Manual Tracing Setup

For more control, explicitly enable tracing:
from agentor import Agentor

agent = Agentor(
    name="Production Agent",
    model="gpt-5-mini",
    enable_tracing=True  # Explicitly enable
)
Disable automatic tracing:
import os

# Disable even with CELESTO_API_KEY set
os.environ["CELESTO_DISABLE_AUTO_TRACING"] = "true"

agent = Agentor(name="Agent", model="gpt-5-mini")
# No automatic tracing

Custom Tracing

For advanced use cases, configure tracing manually:
from agentor.tracer import setup_celesto_tracing, get_run_config
from agentor import Agentor
from agents import Runner
import os

# Setup tracing
processor = setup_celesto_tracing(
    endpoint="https://api.celesto.ai/traces/ingest",
    token=os.environ.get("CELESTO_API_KEY"),
    batch_delay=1.0,        # Seconds before flushing batch
    max_batch_size=256,     # Max traces per batch
    replace_default=True    # Replace OpenAI's default tracing
)

# Create agent
agent = Agentor(name="Agent", model="gpt-5-mini")

# Run with custom config
result = await Runner.run(
    agent.agent,
    "Your query",
    context=get_run_config(
        group_id="session-123",  # Group related traces
        metadata={               # Custom metadata
            "user_id": "user-456",
            "environment": "production"
        }
    )
)

# Ensure traces are sent before exit
processor.force_flush()
processor.shutdown()

Grouping Traces

Group related operations (conversations, sessions):
from agentor.tracer import get_run_config
from agents import Runner
import uuid

# Create a session ID
session_id = str(uuid.uuid4())

agent = Agentor(name="Agent", model="gpt-5-mini")

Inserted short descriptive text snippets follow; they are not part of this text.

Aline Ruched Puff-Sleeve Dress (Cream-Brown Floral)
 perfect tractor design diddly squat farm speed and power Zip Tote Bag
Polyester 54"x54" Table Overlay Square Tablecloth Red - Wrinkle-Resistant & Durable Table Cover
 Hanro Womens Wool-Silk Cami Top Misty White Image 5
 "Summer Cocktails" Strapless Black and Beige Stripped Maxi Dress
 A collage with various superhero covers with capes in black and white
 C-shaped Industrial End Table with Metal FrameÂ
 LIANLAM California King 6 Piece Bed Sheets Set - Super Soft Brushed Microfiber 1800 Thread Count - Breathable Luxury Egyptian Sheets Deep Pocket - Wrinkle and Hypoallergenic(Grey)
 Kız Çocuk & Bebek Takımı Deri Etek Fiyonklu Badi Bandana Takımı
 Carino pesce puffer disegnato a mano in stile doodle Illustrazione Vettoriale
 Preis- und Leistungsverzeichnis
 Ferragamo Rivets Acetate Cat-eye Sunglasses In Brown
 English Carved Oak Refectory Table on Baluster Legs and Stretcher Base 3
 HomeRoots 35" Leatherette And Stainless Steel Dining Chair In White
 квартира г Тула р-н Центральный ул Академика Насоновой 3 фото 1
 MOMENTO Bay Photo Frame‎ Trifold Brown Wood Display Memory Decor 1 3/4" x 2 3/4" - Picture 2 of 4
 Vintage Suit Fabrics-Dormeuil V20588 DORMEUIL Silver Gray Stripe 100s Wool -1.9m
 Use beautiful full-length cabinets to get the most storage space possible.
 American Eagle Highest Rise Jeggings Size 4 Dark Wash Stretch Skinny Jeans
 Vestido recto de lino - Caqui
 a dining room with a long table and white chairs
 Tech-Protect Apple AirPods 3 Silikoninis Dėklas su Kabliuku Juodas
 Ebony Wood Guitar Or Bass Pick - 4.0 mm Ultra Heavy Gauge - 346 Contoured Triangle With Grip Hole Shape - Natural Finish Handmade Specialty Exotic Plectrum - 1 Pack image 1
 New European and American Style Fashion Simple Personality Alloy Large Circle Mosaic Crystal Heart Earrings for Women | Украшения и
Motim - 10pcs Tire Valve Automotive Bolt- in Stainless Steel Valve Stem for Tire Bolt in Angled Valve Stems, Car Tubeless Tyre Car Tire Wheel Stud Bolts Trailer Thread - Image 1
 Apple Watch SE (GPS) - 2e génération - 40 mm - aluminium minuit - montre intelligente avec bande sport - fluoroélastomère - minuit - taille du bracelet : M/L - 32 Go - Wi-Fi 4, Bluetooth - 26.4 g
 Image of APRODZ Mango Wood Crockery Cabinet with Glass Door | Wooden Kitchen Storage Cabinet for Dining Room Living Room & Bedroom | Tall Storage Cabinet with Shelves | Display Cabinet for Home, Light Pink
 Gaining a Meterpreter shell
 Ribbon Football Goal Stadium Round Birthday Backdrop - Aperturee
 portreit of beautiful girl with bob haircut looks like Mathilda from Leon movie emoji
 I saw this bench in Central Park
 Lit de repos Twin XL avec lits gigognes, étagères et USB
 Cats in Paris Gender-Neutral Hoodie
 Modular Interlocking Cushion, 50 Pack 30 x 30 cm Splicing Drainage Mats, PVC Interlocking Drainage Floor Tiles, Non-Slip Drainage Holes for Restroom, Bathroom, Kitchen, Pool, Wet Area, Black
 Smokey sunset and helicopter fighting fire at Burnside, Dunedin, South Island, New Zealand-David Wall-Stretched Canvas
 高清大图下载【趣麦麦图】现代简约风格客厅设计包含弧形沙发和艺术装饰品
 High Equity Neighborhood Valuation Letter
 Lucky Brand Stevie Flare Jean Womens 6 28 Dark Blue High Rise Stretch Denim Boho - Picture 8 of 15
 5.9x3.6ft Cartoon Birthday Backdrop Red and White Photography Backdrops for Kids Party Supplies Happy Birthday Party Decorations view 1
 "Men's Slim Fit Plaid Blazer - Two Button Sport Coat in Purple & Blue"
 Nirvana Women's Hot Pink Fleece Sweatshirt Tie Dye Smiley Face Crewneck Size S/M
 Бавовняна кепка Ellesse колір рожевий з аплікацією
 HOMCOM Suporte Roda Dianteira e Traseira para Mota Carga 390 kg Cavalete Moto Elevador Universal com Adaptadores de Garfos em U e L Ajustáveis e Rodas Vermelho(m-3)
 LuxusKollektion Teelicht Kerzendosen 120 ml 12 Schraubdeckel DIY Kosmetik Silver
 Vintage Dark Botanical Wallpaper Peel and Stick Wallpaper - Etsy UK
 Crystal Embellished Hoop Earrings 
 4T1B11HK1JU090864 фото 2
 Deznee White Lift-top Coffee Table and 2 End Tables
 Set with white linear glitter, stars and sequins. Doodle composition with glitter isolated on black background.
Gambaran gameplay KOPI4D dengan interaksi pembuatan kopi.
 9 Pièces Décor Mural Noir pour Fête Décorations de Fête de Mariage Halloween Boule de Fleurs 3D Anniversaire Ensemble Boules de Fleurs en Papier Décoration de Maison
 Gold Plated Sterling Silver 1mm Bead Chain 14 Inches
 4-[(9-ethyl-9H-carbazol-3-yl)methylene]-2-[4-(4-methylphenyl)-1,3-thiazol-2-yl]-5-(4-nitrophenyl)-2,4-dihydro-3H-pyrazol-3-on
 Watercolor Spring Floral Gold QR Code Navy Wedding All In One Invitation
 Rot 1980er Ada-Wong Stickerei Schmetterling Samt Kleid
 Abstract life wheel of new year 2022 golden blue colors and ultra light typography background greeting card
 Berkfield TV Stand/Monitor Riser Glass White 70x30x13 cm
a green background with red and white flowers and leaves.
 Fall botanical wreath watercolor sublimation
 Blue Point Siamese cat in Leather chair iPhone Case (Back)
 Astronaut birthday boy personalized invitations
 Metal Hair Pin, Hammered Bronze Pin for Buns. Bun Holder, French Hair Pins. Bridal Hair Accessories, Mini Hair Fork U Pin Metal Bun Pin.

# All runs with same group_id are grouped together
for user_message in conversation:
    result = await Runner.run(
        agent.agent,
        user_message,
        context=get_run_config(
            group_id=session_id,
            metadata={"turn": len(conversation)}
        )
    )

Adding Metadata

Enrich traces with custom metadata:
from agentor.tracer import get_run_config
from agents import Runner

result = await Runner.run(
    agent.agent,
    user_input,
    context=get_run_config(
        metadata={
            "user_id": "user-123",
            "session_id": "session-456",
            "environment": "production",
            "version": "v2.1.0",
            "feature_flags": ["new-ui", "beta-features"],
            "user_tier": "premium"
        }
    )
)

Viewing Traces

Access your traces in the Celesto dashboard:
  1. Visit https://celesto.ai/observe
  2. Log in with your account
  3. View traces in real-time

Trace Details

Each trace shows:
  • Timeline: Visual representation of operations
  • Spans: Individual operations (LLM calls, tool calls)
  • Tokens: Input/output tokens per call
  • Cost: Estimated cost per operation
  • Latency: Time spent in each operation
  • Errors: Any exceptions or failures
  • Metadata: Custom metadata you added

Filtering Traces

Filter by:
  • Agent name
  • Time range
  • Status (success/failure)
  • Group ID (session)
  • Custom metadata
  • Token usage
  • Cost

Monitoring Patterns

Track Token Usage

import asyncio
from agentor import Agentor
from agentor.tracer import get_run_config
from agents import Runner

agent = Agentor(name="Agent", model="gpt-5-mini")

async def track_usage():
    results = []
    
    for i, prompt in enumerate(batch_prompts):
        result = await Runner.run(
            agent.agent,
            prompt,
            context=get_run_config(
                group_id="batch-job-001",
                metadata={"batch_index": i}
            )
        )
        results.append(result)
    
    # View token usage in dashboard by group_id
    return results

asyncio.run(track_usage())

Monitor Error Rates

from agentor.tracer import get_run_config
import logging

logger = logging.getLogger(__name__)

async def monitored_run(user_input, user_id):
    try:
        result = await Runner.run(
            agent.agent,
            user_input,
            context=get_run_config(
                metadata={
                    "user_id": user_id,
                    "input_length": len(user_input)
                }
            )
        )
        return result
    except Exception as e:
        logger.error(f"Agent error for user {user_id}: {e}")
        # Error is automatically captured in traces
        raise

A/B Testing

import random
from agentor.tracer import get_run_config

def run_ab_test(user_input, user_id):
    variant = "A" if random.random() < 0.5 else "B"
    
    # Different instructions for each variant
    instructions = {
        "A": "You are a concise assistant.",
        "B": "You are a detailed assistant."
    }
    
    agent = Agentor(
        name=f"Agent-{variant}",
        model="gpt-5-mini",
        instructions=instructions[variant]
    )
    
    result = await Runner.run(
        agent.agent,
        user_input,
        context=get_run_config(
            metadata={
                "variant": variant,
                "user_id": user_id
            }
        )
    )
    
    # Compare variants in dashboard
    return result

Multi-Agent Tracing

import asyncio
from agentor import Agentor
from agentor.tracer import get_run_config
from agents import Runner
import uuid

research_agent = Agentor(name="Research", model="gpt-5-mini")
writing_agent = Agentor(name="Writing", model="gpt-5-mini")
review_agent = Agentor(name="Review", model="gpt-5-mini")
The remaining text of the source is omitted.